TBM cutterheads are normally driven through a ring gear. Several drive units at the perimeter, each normally with a water-cooled asynchronous motor and a water-cooled multi-stage planet gear, drive the ring gear through pinions. The motors are speed regulated.
Drive Through Shift Gearbox
Considering the required range of operating states, a standard drive system cannot always be operated at a favourable operating point. The energy consumption is then unreasonably high or the intended combination of rotation speed and torque cannot be driven permanently. In order to cope with these changeable working conditions, drives which can operate over a wider working range are necessary. For this purpose, the drive technology specialist Zollern from Germany has developed a shift gearbox, which can also be retrofitted to existing TBMs. The two-stage shift gearbox with a neutral position is mounted coaxially between motor and gearbox and has connection geometry corresponding to the motor on the gearbox side, and on the motor side it has the same geometry as the main gear. The diameter is the same as the main drive. Another precondition for the retrofitting capability is the separate cooler. The shift gearbox enables direct drive from the motor or reduction of motor revolution speed by available gear ratios of 1.3 to 2.3, with a corresponding increase of the available drive torque. This considerably widens the range of application of the drive and thus of the entire tunnel boring machine.
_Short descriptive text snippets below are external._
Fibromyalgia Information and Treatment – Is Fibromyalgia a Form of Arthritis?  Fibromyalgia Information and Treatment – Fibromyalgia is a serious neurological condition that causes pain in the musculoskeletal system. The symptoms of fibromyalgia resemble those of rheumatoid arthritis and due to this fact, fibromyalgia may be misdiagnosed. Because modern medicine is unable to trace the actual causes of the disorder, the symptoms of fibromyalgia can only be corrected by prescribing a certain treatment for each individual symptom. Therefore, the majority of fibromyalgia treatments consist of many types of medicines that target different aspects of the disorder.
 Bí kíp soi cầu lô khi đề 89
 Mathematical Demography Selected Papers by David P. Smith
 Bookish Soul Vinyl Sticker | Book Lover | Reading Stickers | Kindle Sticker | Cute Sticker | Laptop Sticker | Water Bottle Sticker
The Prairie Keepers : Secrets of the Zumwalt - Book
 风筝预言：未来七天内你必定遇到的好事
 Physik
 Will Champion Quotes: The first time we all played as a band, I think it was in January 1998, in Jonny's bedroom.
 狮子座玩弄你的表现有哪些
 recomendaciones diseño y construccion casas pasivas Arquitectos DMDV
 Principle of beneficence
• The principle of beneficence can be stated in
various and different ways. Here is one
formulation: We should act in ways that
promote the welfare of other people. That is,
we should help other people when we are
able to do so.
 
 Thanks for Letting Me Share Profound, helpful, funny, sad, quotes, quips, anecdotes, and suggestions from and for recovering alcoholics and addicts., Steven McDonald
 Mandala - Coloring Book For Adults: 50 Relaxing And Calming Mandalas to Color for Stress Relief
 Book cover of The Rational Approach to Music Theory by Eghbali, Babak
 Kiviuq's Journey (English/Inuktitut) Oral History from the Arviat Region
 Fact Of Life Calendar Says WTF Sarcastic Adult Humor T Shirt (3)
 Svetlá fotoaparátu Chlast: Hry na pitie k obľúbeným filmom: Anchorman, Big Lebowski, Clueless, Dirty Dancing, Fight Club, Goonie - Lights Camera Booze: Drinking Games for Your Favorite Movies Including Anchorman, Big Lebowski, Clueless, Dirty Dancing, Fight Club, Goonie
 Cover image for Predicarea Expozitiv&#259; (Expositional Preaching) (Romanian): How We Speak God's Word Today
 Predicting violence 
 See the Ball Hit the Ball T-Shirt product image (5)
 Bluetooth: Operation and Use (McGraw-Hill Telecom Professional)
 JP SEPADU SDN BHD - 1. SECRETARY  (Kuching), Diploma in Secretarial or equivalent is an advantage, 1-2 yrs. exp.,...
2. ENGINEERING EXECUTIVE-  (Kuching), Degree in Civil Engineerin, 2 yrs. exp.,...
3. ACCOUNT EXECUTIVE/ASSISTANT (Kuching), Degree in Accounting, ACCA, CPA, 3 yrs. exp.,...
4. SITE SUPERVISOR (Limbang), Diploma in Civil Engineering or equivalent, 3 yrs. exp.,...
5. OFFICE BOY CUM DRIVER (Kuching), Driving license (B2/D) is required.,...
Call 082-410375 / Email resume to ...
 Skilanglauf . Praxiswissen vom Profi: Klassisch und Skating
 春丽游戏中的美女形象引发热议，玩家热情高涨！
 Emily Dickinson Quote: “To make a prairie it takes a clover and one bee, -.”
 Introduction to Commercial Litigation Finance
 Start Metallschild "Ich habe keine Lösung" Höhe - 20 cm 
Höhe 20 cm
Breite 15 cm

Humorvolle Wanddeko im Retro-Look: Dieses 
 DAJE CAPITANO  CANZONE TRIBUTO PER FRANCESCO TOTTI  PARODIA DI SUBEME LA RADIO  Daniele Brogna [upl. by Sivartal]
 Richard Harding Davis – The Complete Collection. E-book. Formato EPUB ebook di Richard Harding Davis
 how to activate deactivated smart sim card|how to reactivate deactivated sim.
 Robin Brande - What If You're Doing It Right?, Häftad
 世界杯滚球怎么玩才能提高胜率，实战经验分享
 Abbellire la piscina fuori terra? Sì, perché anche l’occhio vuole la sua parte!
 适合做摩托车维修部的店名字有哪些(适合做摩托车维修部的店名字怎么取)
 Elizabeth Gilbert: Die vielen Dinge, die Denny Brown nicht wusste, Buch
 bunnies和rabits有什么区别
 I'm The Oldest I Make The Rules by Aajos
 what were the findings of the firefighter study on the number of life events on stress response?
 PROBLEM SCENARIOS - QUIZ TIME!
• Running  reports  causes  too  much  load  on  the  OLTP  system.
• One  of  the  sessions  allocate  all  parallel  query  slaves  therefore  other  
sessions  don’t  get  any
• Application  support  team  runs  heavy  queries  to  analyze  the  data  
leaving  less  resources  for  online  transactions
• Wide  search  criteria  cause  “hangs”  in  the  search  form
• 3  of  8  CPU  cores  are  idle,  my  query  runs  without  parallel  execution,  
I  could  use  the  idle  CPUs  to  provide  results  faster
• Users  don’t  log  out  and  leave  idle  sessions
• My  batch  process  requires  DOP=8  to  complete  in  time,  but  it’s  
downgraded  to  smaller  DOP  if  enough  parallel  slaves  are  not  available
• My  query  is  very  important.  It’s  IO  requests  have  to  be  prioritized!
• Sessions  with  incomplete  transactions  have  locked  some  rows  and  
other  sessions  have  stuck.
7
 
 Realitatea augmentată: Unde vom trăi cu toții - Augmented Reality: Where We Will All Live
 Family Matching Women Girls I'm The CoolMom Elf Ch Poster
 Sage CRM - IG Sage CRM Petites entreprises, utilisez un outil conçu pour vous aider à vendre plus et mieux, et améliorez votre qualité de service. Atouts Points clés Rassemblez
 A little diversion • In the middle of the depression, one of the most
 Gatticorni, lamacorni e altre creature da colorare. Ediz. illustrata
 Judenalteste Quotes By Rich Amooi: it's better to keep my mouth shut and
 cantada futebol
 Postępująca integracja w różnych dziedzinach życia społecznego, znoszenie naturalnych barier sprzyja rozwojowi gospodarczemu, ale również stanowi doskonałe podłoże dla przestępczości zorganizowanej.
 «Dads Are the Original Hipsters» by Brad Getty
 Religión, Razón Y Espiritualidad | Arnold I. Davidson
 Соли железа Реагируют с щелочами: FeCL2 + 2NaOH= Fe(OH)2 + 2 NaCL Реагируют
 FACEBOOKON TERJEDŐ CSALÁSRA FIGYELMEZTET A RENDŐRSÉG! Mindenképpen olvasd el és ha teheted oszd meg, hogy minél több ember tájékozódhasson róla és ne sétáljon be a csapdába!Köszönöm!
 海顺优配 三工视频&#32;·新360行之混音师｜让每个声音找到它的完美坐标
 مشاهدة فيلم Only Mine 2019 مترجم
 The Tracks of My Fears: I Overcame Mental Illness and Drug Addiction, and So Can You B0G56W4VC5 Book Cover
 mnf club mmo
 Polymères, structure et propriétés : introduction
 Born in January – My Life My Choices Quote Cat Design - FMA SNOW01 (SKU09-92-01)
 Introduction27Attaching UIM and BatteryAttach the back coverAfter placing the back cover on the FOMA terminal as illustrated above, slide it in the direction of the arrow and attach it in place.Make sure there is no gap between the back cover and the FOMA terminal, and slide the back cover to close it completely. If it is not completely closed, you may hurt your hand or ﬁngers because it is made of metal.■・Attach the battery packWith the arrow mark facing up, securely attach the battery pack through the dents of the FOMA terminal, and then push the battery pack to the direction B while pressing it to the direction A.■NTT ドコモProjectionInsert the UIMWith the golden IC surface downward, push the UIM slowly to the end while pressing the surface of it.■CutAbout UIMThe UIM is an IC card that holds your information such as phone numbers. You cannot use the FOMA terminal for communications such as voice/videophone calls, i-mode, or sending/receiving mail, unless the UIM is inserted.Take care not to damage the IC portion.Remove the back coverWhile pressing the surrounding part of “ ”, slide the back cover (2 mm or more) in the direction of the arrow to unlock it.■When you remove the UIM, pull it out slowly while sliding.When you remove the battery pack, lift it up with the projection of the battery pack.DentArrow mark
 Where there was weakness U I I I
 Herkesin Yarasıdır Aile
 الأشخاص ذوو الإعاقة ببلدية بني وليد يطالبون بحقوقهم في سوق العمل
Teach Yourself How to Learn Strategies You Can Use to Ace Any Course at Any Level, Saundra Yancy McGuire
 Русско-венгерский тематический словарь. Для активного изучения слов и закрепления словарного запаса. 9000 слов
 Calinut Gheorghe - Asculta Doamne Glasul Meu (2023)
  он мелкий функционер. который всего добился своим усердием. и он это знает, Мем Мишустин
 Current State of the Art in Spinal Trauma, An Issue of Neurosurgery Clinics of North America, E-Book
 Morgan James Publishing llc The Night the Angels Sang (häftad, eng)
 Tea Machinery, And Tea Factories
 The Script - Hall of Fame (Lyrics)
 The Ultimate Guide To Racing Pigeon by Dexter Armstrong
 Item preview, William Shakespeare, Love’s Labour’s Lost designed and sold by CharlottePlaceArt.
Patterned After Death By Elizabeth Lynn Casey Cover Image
The gear is changed hydraulically when no load is applied. The three gear positions, first second and neutral, are monitored by sensors. The two gear ratios make it possible to provide drive power in two ranges of revolution speed. The neutral position enables the uncoupling of individual motors and thus operation of the machine under partial load at a revolution speed that may be more favourable for the individual motors. By separating the motors not used in current operation from the machine‘s drive train, most of the rotary inertia of the drive units not required is removed from the drive train
The two gear ratios and the capability of uncoupling the motors mean that the motors can be operated at a more favourable working point over a wider working range of the machine. The flexibility of the TBM is improved by the Zollern drive system.